Diante da estratégia ardilosa do empresário, os termos do
acordo que firmou com o Ministério Público passam a ser altamente
questionáveis. A ideia de que pôs a vida em risco com a gravação fica
frágil. Ele fez o que fez movido pelo interesse de salvar a própria
pele. Como diz um investigador, qualquer animal quando se sente acuado,
ataca. É fato que o empresário deu uma contribuição inédita para as
investigações. O questionamento é se dar salvo conduto ao criminoso para
usufruir da imensa riqueza que obteve graças aos crimes que praticou e o
deixar liberado para operar em todas as atividades onde delinquiu não
significa que, para Joesley, o crime compensou .
O quadro que se apresenta é que o país vem sendo comandado
sucessivamente por uma parceria público/privada com um grau de
contaminação que dá a sensação de que não sobra ninguém. É incrível como
as práticas se repetem e as narrativas para tentar negar os fatos
também se mostram semelhantes.
Mais uma vez o cerco se fecha sobre um governo onde todo o
entorno presidencial vai sendo envolvido e a figura central, o
presidente, busca lavar as mãos com a alegação de que seus assessores e
assistentes agiam por conta própria e à revelia do chefe. O
ex-presidente Lula inaugurou o "eu não sabia" no Mensalão. Os dois
maiores esquemas de corrupção do país prosperaram por seus dois governos
e envolveram todo o staff do partido dele, o PT, e da equipe
presidencial. Mas, o próprio vivia alheio a tudo isso.

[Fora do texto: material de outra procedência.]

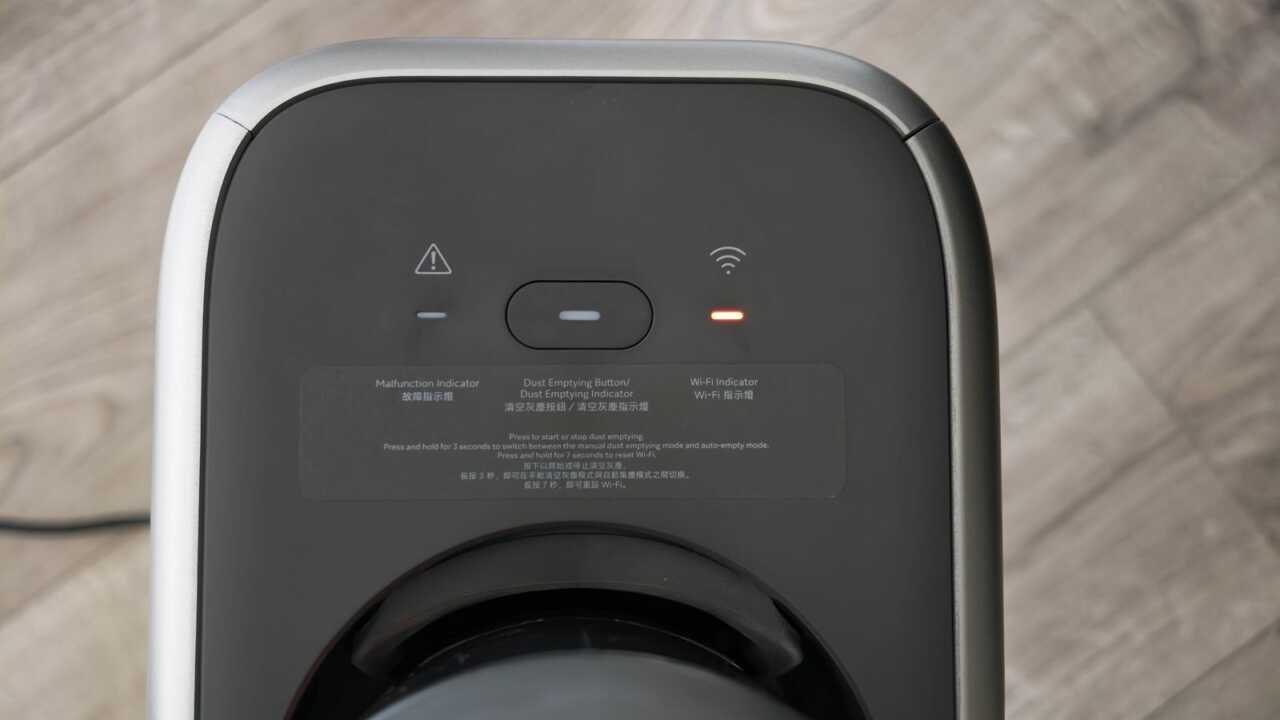 基座頂部按鍵、警示標示及 Wi-Fi 指示燈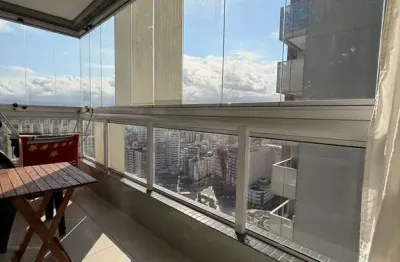 1 dormitórios no boqueirão, prédio com lazer completo á 200m da praia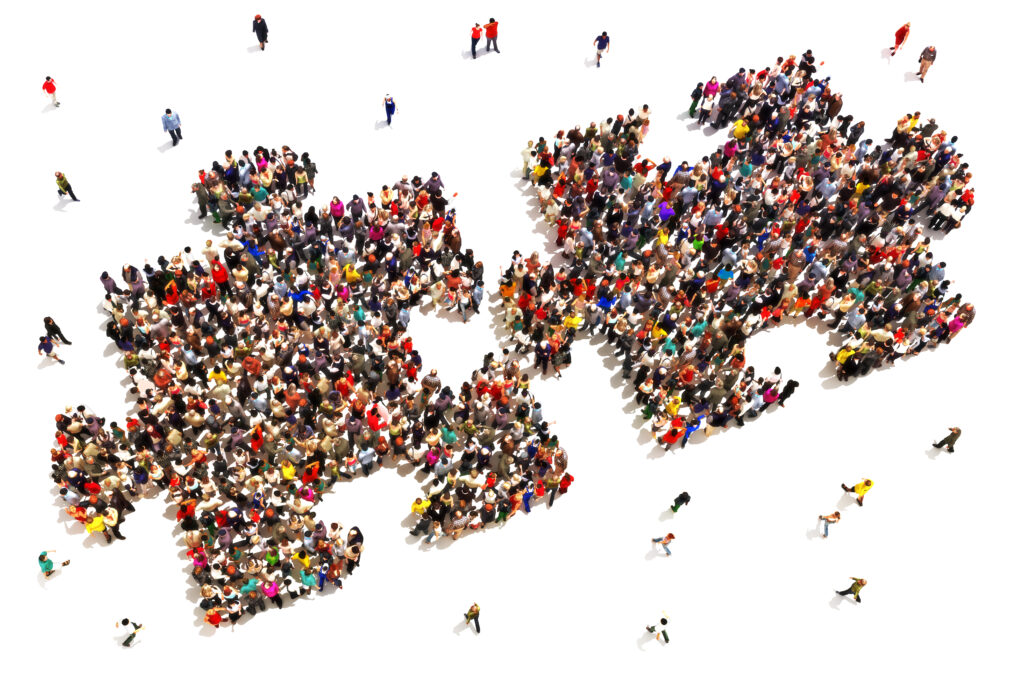 Large group of people in the shape of two puzzle pieces on a white background.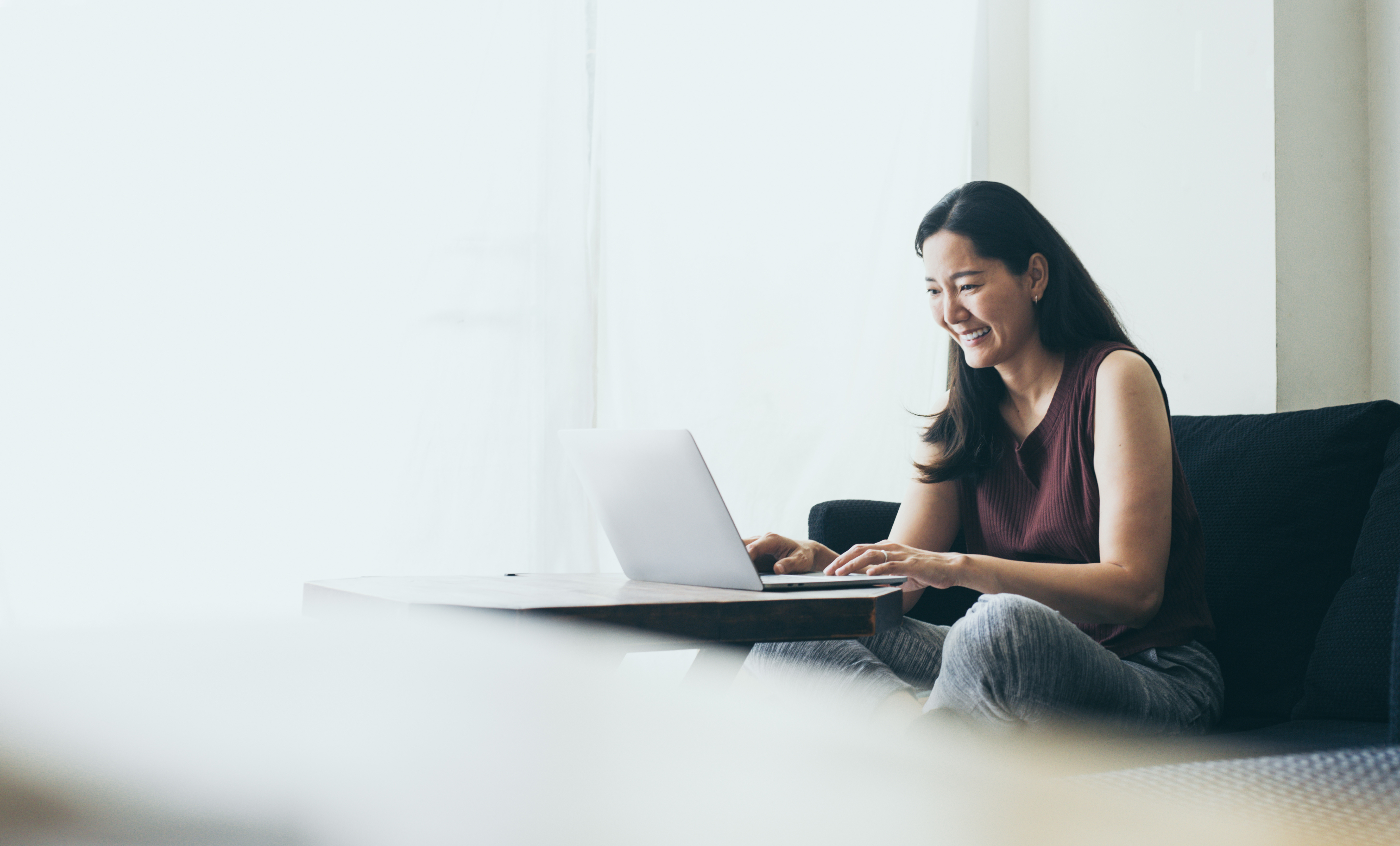 Woman reviewing her finances on a laptop at home
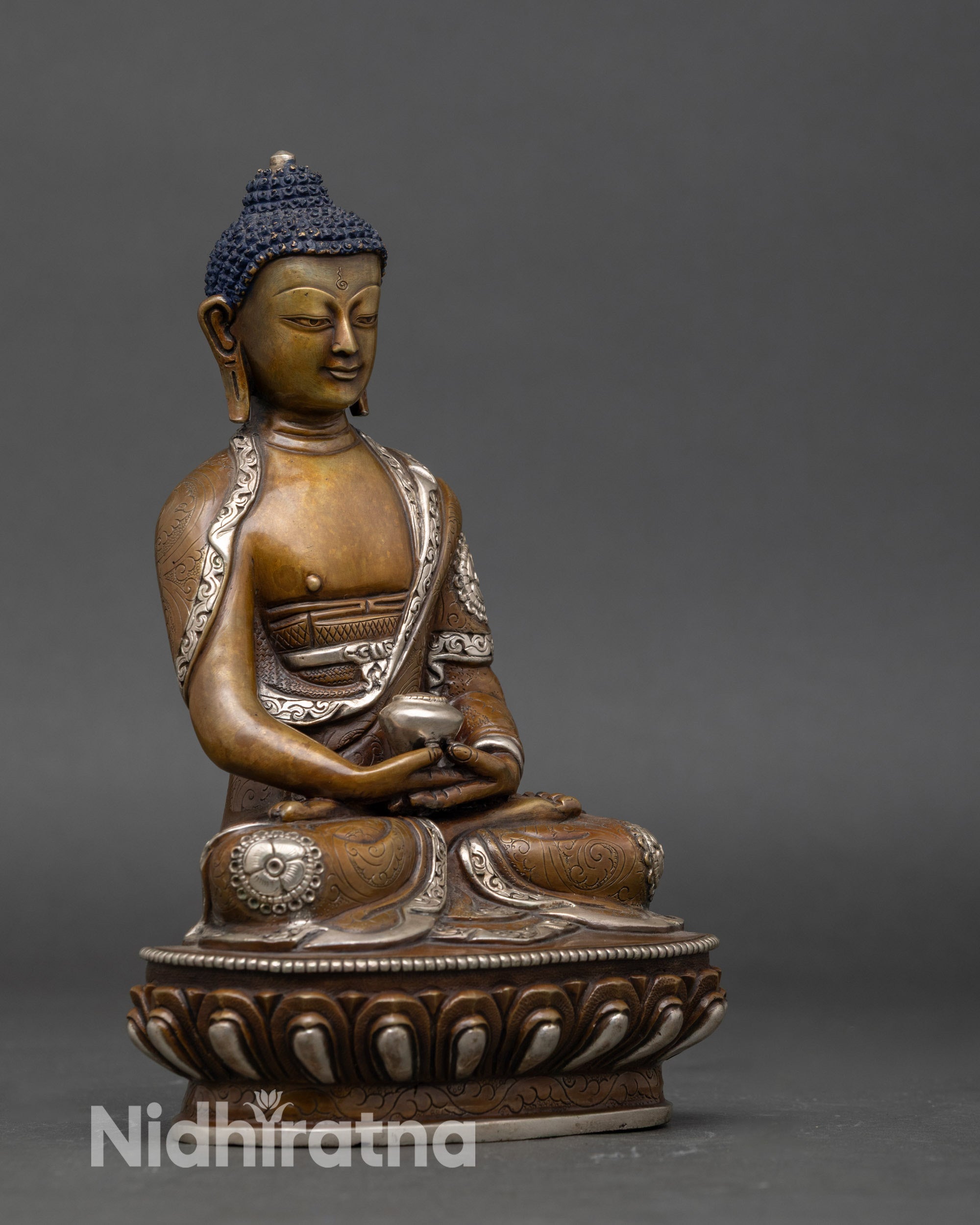 Side view of Amitabha Buddha statue handcrafted by Newari artisan in Patan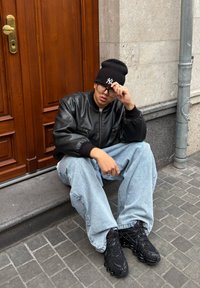 Personne portant un bonnet noir, des lunettes, une veste en cuir noire, un jean bleu clair et des baskets noires assise sur une marche en béton près d'une porte en bois.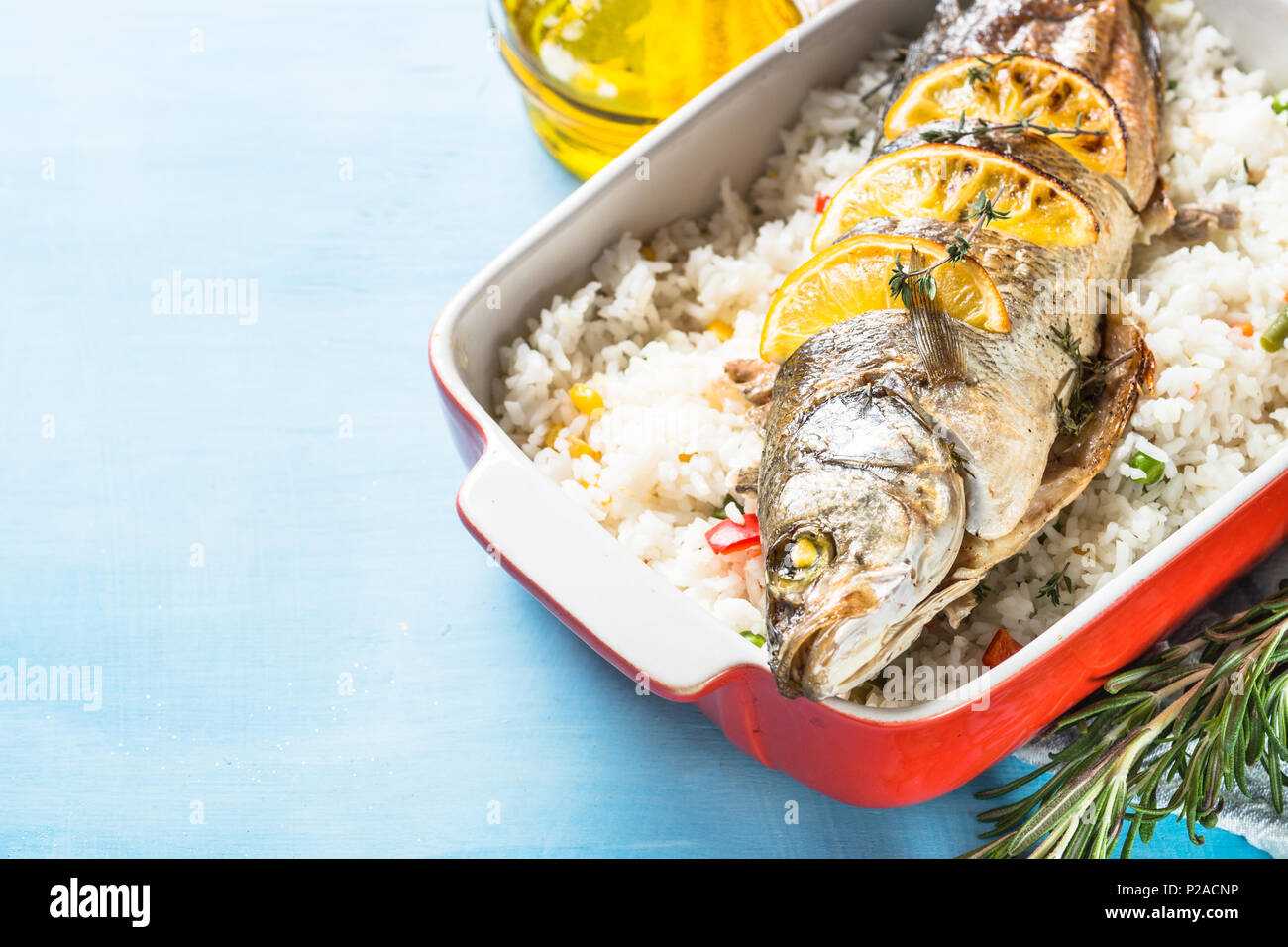 Pesce Branzino Al Forno Con Riso E Verdure Foto Immagine Stock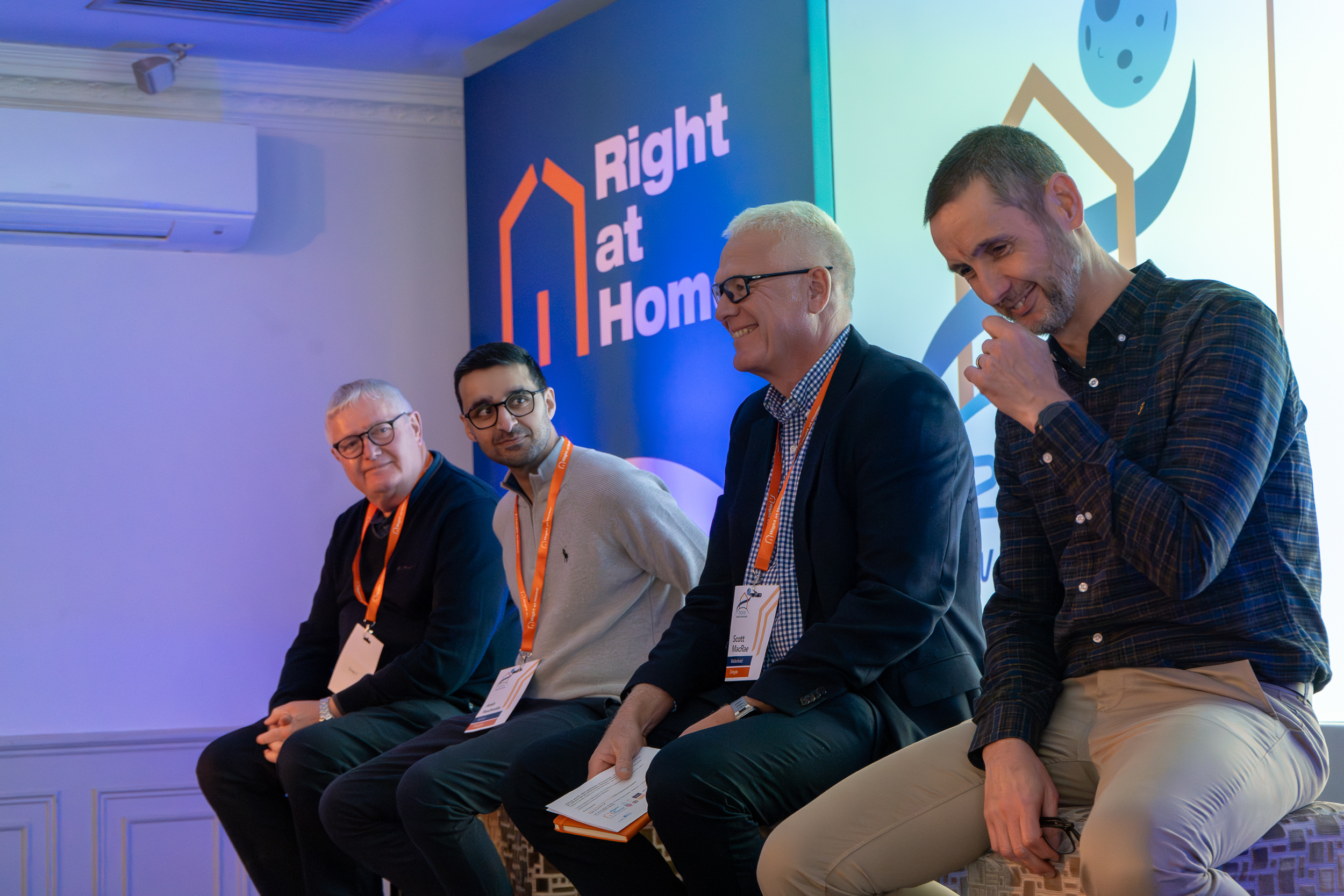 franchise owner panel discusses homecare on stage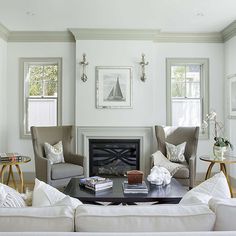 a living room filled with furniture and a fire place in the middle of a room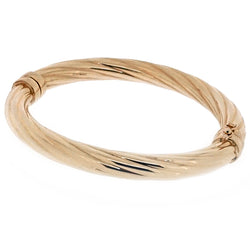 Twisted hinged bangle in 9ct gold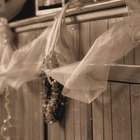 Two young women looking at wedding dresses in clothing store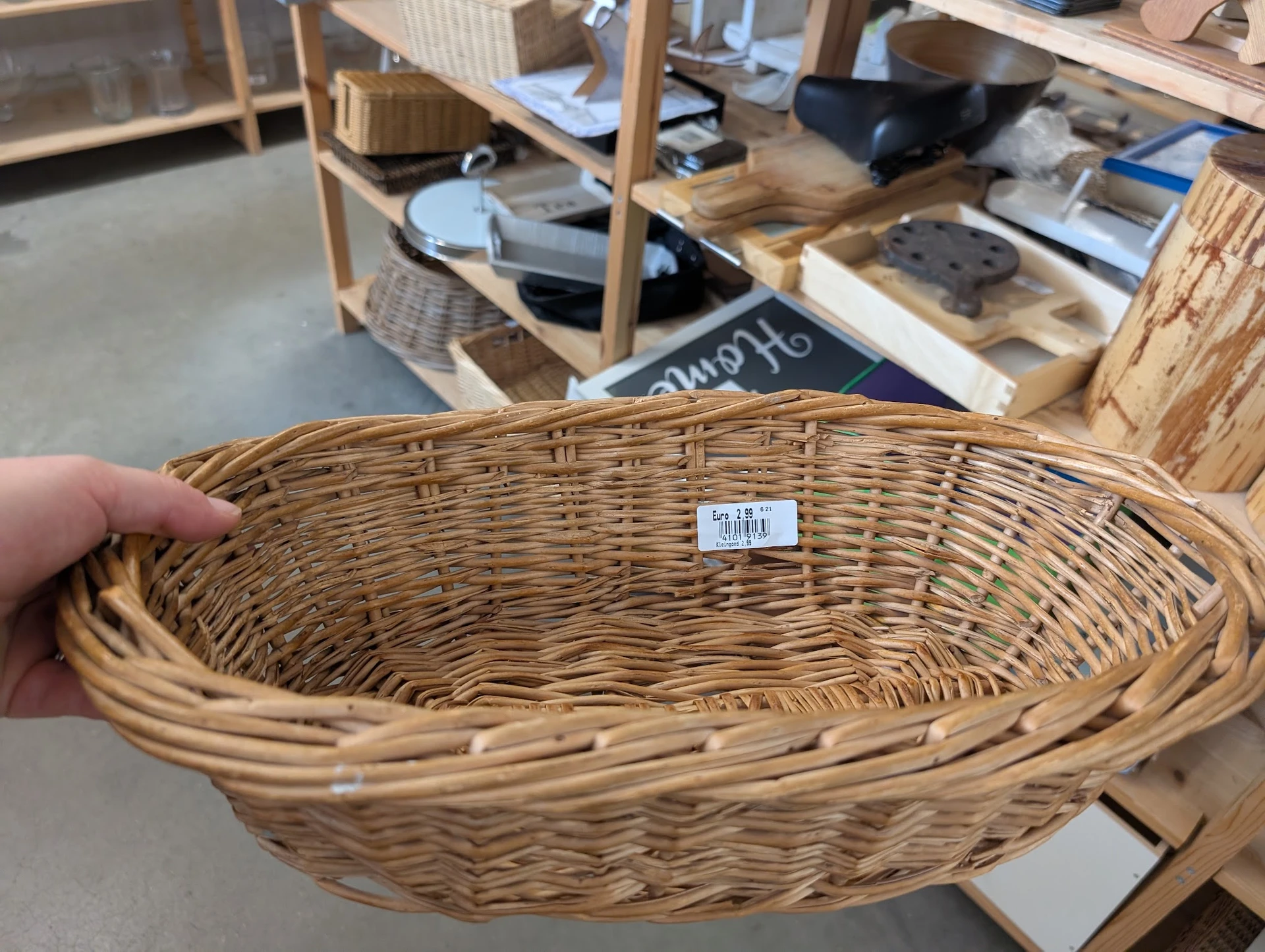 Ovale rieten mand met prijskaartje, gehouden in een hand in een kringloopwinkel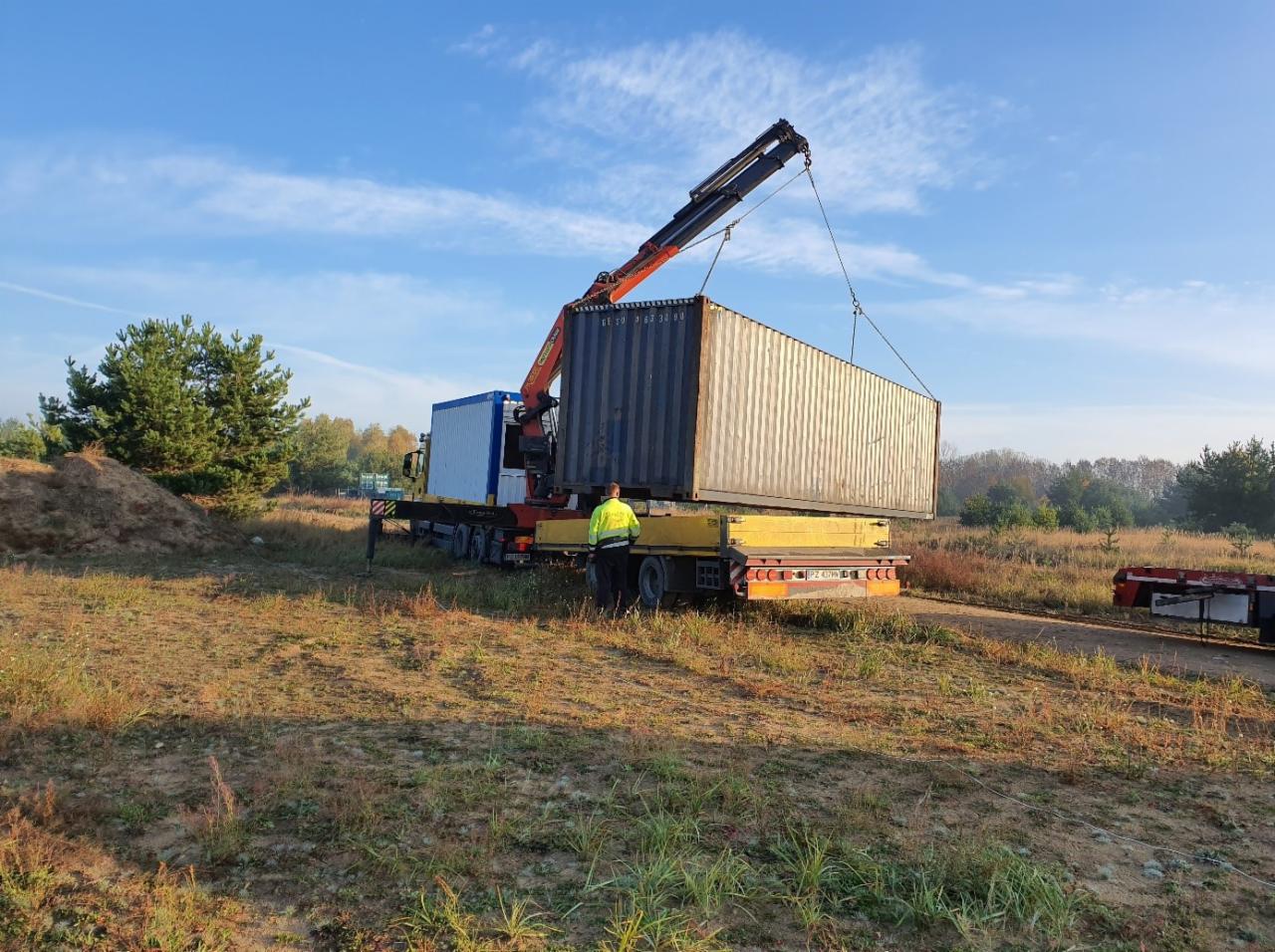 Rozładunek kontenera morskiego za pomocą dźwigu samochodowego na przyczepę niskopodwoziową, operator w żółtej kamizelce asekuruje operację.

Na sequência, veio o governo da ex-presidente Dilma. Os
esquemas ganharam escala, personagens antigos continuaram dando as
cartas dentro do governo e novos foram incluídos abrindo mais frentes
para que o jogo da corrupção continuasse ativo. A presidente mais uma
vez não sabia de nada. Era uma ilha cercada de corruptos por todos os
lados. O mesmo discurso é apresentado agora a cada novo auxiliar do
presidente Michel Temer que cai na rede da Lava-Jato.
Tentar criar no subconsciente a ideia de que os fins
justificam os meios não funciona mais. Querer barganhar desvios com
avanços é buscar uma negociação voltada para padrões que deixaram de ser
tolerados. Os discursos de Lula, Dilma e Temer encontram pelo menos um
ponto de convergência. Os três parecem ter sido acometidos de um mal que
no meio jurídico se convencionou chamar de cegueira deliberada.